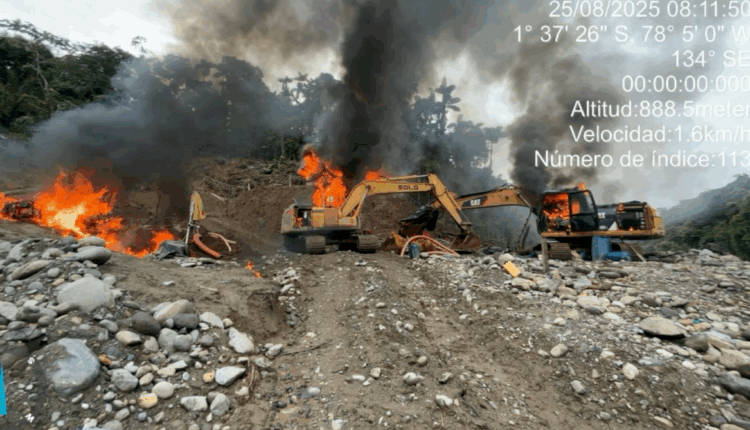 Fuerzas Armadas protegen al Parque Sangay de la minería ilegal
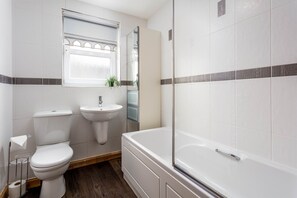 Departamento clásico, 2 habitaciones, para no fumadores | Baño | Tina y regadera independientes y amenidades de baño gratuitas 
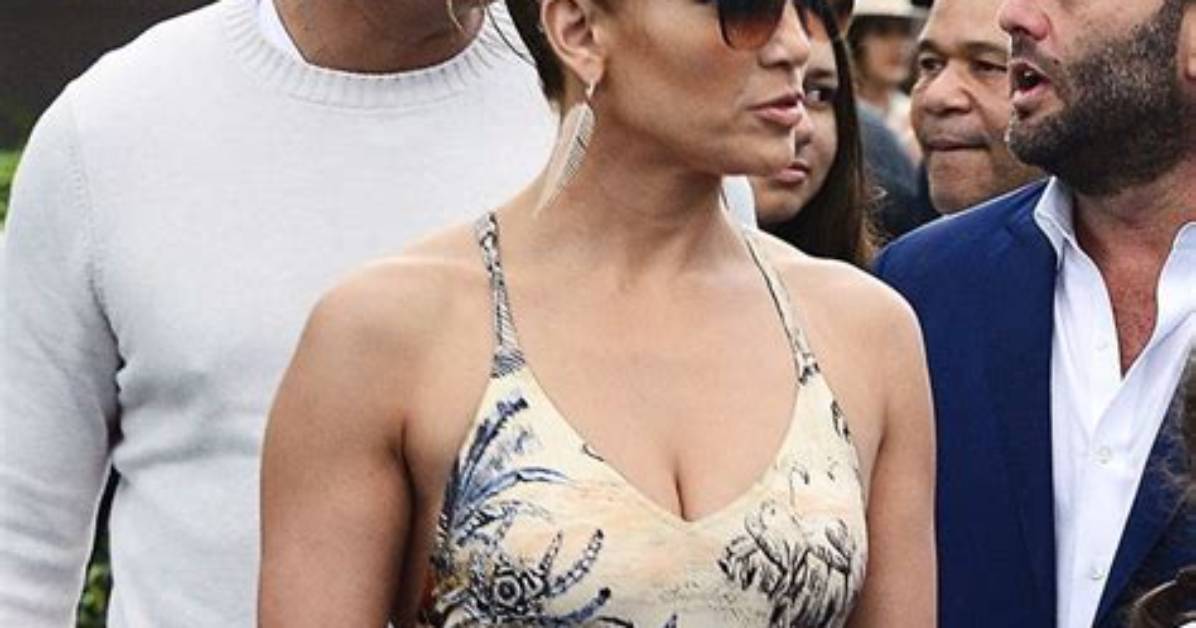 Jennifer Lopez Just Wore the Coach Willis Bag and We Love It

__PROBLEM DESCRIPTION__. Leave the pictures out and copy exactly the lines from the one that holds "Departamento clásico, 2" through the last line of the material.

__ANSWER BELOW__.
 Departamento clásico, 2 habitaciones, para no fumadores | Baño | Tina y regadera independientes y amenidades de baño gratuitas 
 Jennifer Lopez Just Wore the Coach Willis Bag and We Love It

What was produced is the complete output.